Ask your average racing fan to name the oldest English Classic and there’s a very good chance they will come up with the right answer, the St Leger; they might even tell you the year it was first run, 1776. Then ask them to name you three or four winners from the past 20 years and it’s a fair bet the only sound you will hear is that of a head being scratched.
This is not to suggest the Ladbrokes St Leger has become a second-rate Classic. One only has to glance down the list of recent winners to appreciate how highly the race is valued by such as Godolphin, Aidan O’Brien and John Gosden, all multiple winners.
And those powerful stables are again strongly represented today: Godolphin three-handed with Libertarian, Secret Number and Cap O’Rushes; O’Brien with Leading Light and Foundry; and Gosden with Excess Knowledge, who is likely to go off favourite to become the Newmarket trainer’s fourth St Leger winner in seven years.
But these horses are hardly household names. We have to go back to the mid-1980s to find winners who had already captured the public’s imagination, like Oh So Sharp and Reference Point, and further back still, to 1970, to find Nijinsky, the last winner of the Triple Crown (2000 Guineas, Derby and St Leger).
Last year O’Brien’s Camelot tried, and failed gallantly, to match Nijinsky’s mighty achievement; but Triple Crown bids are now few and far between and today we are back to a more typical line-up of horses who either just missed out in the mid-summer Classics (Galileo Rock and Libertarian) or those operating below the radar for most of their careers, just coming into their own now tackling longer distances. Plus, most refreshingly, the shock Oaks winner Talent, is flying the flag for the fillies.
Excess Knowledge is a very strong contender in the “under the radar” category and is now a big dot on the screen, not just because he is Gosden’s choice, but also because punters are always drawn to horses who were unlucky in running on their previous outing, as he appeared to be at Glorious Goodwood.

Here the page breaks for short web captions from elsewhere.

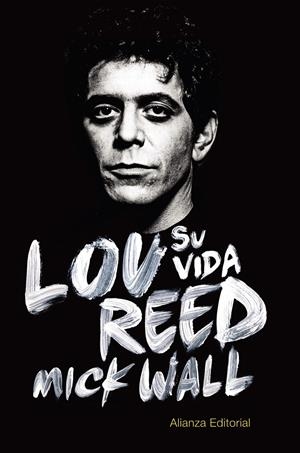 LOU REED. SU VIDA | 9788420688961 | WALL, MICK
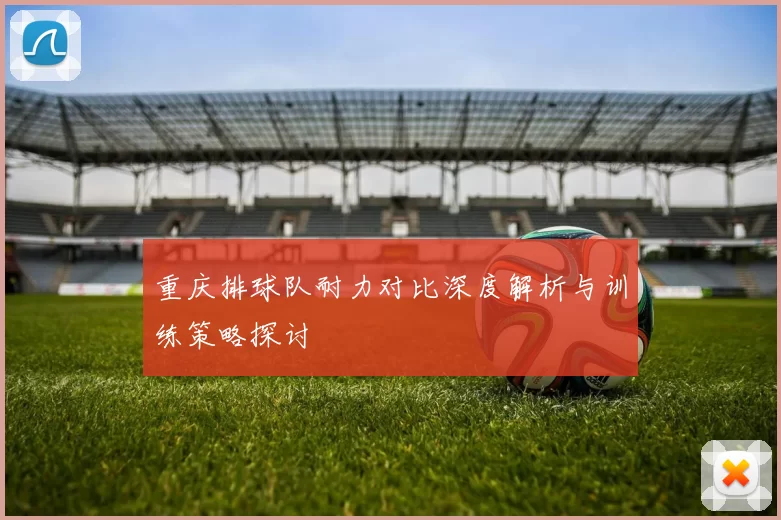 重庆排球队耐力对比深度解析与训练策略探讨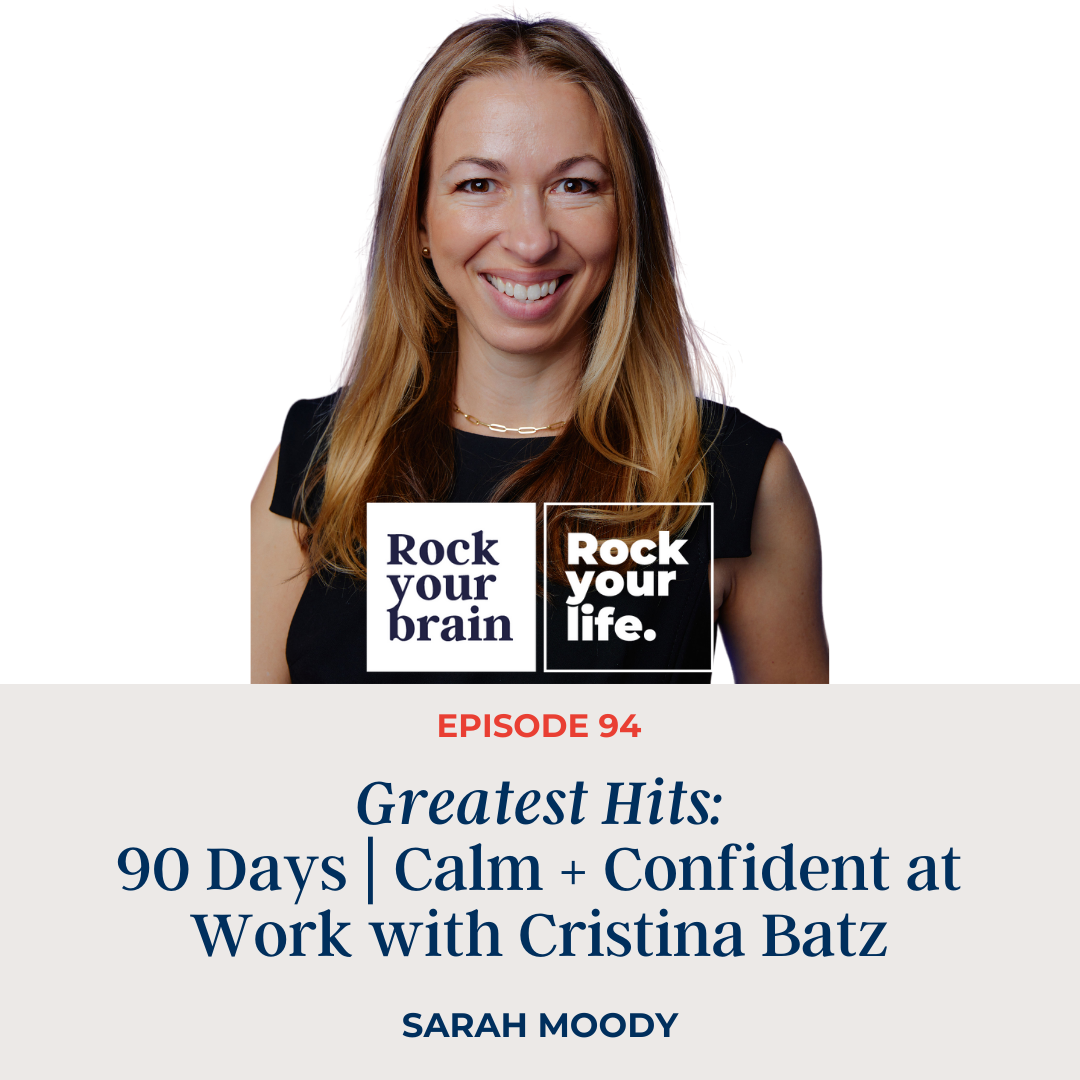 Ep 94: Greatest Hits: 90 Days | Calm + Confident at Work with Cristina Batz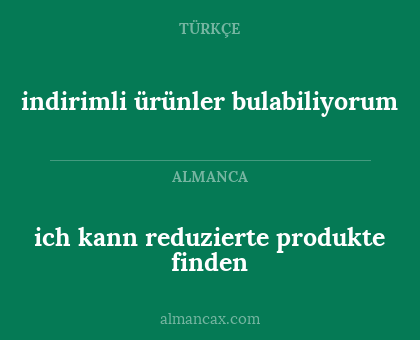 ich kann reduzierte produkte finden - indirimli ürünler bulabiliyorum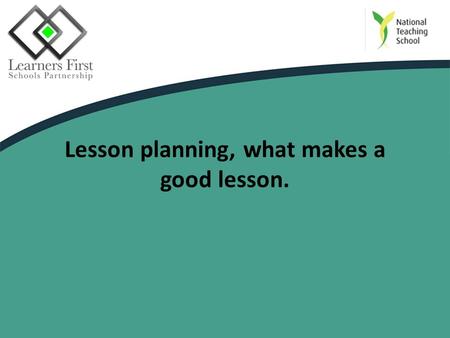 Lesson planning, what makes a good lesson.. Session objectives To consider how to plan a lesson. To discuss what makes an effective/good lesson.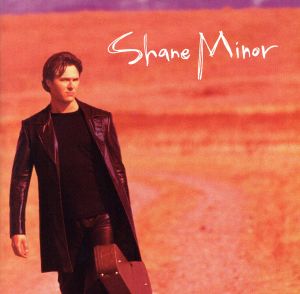 【輸入盤】Shane Minor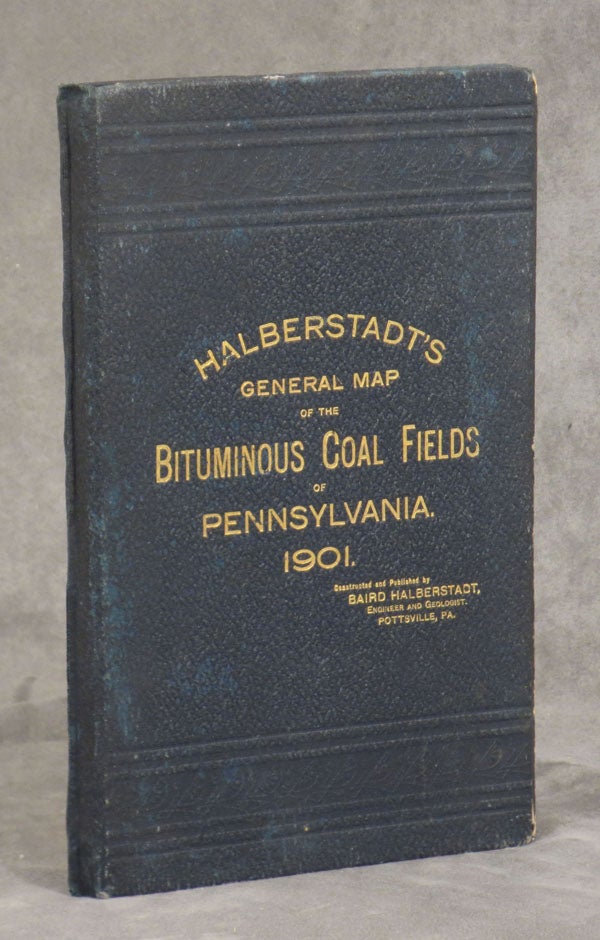 Item #z04477 Halbertstadt's General Map of the Bituminous Coal Fields of Pennsylvania, 1901. Baird Halberstadt.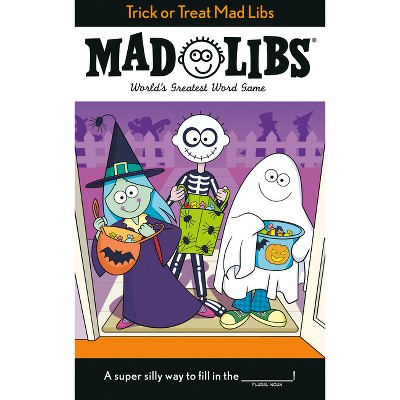 Trick or Treat Mad Libs - by  Tristan Roarke & Mad Libs (Paperback)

Gosden, confident this extended mile and three quarters will suit, feels Excess Knowledge is the ideal type for the race, but that Goodwood race was a muddling affair throughout and it might be unwise to assume what would have happened given the sort of end-to-end pace more likely to be produced this afternoon. Even Andrew Balding’s Havana Beat, last that day, may be a very different proposition this time.
There’s an old saying that Classic form is the most reliable, but there is dwindling confidence behind Galileo Rock, placed in both the English and Irish Derbies, with rain getting into the Town Moor turf, while Libertarian, who joined Godolphin after finishing runner-up at Epsom, has questions to answer after flopping subsequently at the Curragh. Racing manager Simon Crisford certainly did not give the impression earlier this week that a return to top form from Libertarian was anticipated when he nominated Cap O’Rushes as Godolphin’s “most interesting of our three contenders – at the price [around 20-1]” .
Talent has also run poorly since winning the Oaks, but connections believe she might have another surprise up her sleeve now back on easier ground, although she has not enjoyed an ideal preparation. If she can win, she will be the first filly to land the St Leger since User Friendly in 1992.